Among the entries below, take the line with "Bộ ốc chống yếm xe cub 81-82 -Dream" and the line with "Karlslund Galdur Damen", and output them and every line between them exactly, with nothing else.

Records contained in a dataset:
====

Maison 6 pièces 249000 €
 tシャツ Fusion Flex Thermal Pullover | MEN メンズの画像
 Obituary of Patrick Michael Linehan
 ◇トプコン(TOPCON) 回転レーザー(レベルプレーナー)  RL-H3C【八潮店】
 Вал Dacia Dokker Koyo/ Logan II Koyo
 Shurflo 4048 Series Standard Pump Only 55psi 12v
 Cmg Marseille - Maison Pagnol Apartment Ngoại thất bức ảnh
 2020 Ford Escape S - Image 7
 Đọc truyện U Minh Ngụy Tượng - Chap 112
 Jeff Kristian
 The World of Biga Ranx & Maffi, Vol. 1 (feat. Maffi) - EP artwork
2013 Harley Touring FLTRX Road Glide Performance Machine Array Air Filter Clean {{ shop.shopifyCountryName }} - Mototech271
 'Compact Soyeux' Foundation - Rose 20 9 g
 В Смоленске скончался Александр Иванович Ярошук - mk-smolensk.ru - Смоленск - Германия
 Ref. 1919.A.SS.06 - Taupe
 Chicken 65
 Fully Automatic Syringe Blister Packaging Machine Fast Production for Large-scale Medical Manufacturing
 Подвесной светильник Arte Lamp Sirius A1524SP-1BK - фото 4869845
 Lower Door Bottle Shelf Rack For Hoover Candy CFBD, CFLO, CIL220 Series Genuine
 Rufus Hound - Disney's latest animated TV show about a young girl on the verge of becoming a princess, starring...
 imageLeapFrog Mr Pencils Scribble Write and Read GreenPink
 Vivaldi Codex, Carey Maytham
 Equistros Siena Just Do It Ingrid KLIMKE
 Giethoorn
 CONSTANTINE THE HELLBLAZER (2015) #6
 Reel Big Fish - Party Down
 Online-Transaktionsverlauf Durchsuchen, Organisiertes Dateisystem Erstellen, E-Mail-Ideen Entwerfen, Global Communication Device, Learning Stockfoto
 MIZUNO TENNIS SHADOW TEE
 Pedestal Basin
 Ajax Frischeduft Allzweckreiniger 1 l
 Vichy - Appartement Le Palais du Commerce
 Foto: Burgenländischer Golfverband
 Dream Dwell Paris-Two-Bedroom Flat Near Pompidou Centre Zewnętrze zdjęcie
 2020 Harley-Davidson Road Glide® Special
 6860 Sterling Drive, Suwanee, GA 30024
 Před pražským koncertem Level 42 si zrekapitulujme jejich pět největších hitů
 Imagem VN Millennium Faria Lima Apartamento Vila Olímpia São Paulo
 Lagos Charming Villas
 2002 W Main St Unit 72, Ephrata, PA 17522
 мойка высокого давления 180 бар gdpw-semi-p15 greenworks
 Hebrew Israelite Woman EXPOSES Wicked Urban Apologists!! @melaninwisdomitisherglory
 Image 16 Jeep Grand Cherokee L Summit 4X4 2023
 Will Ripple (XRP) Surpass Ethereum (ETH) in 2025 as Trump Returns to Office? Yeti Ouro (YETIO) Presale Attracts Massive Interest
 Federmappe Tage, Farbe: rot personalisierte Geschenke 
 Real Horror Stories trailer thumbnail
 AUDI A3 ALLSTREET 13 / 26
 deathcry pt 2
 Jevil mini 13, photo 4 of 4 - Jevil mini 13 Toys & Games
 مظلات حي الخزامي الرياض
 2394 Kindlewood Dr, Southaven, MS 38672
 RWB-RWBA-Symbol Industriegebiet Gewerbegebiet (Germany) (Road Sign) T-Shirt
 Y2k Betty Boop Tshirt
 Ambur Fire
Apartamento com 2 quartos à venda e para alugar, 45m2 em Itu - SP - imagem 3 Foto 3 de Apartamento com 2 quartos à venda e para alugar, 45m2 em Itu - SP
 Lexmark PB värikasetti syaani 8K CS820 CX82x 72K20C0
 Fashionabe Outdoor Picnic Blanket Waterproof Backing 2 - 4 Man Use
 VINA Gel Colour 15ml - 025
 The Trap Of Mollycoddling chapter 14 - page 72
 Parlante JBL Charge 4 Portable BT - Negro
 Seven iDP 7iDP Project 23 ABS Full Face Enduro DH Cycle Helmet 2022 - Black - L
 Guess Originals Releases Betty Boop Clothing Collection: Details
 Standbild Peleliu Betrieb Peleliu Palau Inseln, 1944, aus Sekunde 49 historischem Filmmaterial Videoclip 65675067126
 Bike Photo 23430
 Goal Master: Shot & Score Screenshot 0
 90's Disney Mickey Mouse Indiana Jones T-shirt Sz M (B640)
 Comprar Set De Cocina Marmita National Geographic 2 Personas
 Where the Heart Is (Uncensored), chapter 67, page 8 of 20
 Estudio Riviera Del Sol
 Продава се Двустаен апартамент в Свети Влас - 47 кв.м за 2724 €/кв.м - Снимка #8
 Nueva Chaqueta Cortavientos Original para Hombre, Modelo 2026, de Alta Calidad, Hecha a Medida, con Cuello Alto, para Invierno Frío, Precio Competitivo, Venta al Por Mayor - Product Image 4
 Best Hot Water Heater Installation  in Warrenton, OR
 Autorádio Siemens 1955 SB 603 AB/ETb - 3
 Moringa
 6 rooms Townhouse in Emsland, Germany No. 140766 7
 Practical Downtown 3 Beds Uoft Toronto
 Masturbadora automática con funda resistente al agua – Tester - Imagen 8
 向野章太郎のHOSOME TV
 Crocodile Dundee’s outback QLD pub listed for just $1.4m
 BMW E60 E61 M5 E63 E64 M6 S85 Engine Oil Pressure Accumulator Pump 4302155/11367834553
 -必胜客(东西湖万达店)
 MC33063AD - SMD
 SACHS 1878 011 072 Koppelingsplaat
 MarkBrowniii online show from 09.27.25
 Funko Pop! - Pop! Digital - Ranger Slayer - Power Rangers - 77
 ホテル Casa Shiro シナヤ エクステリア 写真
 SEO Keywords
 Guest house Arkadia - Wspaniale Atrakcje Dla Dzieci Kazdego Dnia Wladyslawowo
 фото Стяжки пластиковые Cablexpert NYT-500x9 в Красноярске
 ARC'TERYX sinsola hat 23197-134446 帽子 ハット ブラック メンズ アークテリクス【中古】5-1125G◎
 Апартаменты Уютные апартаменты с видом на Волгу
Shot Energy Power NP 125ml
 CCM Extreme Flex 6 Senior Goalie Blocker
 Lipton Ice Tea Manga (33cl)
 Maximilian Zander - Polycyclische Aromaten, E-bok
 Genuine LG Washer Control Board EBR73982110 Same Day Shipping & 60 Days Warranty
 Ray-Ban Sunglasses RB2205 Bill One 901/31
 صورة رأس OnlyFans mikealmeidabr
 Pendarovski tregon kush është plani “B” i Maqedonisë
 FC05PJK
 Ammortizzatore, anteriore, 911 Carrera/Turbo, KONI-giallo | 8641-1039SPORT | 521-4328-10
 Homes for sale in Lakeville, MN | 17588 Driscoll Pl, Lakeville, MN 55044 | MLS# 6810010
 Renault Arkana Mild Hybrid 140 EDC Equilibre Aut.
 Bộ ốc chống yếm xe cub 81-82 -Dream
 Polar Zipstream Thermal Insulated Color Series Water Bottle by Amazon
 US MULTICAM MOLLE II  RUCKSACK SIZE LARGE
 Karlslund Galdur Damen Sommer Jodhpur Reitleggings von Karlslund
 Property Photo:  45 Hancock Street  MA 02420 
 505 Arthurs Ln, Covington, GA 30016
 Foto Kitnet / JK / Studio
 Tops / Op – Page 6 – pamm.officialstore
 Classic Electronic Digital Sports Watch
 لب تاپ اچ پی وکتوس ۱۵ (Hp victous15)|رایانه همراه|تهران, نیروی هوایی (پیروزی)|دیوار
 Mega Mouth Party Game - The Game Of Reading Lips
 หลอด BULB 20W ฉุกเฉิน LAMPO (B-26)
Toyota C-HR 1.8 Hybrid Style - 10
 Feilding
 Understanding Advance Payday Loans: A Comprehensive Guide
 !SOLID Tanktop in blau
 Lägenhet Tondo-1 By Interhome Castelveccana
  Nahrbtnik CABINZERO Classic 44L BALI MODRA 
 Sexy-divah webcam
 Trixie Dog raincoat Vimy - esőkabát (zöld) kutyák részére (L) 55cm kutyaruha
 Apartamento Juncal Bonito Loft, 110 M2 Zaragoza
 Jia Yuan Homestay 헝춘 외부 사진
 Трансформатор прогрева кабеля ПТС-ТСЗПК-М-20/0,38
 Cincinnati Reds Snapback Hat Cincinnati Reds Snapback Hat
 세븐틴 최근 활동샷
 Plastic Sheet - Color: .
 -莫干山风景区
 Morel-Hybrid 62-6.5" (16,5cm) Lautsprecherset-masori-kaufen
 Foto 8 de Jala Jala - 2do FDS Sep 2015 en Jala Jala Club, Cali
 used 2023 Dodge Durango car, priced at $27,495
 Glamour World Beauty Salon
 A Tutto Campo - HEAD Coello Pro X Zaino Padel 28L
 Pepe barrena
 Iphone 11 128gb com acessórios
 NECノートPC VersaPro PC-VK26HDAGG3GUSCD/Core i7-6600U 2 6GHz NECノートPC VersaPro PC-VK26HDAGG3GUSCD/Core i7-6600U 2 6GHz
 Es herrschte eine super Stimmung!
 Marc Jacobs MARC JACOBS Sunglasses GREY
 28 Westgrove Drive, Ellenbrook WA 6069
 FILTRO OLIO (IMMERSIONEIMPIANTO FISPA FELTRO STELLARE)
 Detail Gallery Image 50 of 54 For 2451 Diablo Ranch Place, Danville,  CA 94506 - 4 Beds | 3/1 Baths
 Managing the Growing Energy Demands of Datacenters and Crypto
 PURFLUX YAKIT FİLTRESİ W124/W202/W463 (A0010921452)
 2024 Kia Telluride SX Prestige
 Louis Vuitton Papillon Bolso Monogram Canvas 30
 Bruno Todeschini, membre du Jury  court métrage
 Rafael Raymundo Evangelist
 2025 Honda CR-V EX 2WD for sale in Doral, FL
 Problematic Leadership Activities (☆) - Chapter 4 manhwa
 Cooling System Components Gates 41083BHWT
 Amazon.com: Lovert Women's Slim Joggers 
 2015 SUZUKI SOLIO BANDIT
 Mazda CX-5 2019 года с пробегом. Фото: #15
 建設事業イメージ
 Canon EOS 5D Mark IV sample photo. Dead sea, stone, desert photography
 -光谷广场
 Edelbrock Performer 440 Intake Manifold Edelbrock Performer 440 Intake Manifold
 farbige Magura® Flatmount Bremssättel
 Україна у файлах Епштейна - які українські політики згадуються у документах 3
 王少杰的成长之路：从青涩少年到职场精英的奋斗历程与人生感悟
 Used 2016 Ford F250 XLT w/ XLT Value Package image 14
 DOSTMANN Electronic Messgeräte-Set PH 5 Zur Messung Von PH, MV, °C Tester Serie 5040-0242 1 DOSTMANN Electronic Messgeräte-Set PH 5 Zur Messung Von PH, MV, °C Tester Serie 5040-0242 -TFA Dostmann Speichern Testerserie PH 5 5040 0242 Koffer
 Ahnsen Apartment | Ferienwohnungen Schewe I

====

• [Answer section]:
 Bộ ốc chống yếm xe cub 81-82 -Dream
 Polar Zipstream Thermal Insulated Color Series Water Bottle by Amazon
 US MULTICAM MOLLE II  RUCKSACK SIZE LARGE
 Karlslund Galdur Damen Sommer Jodhpur Reitleggings von Karlslund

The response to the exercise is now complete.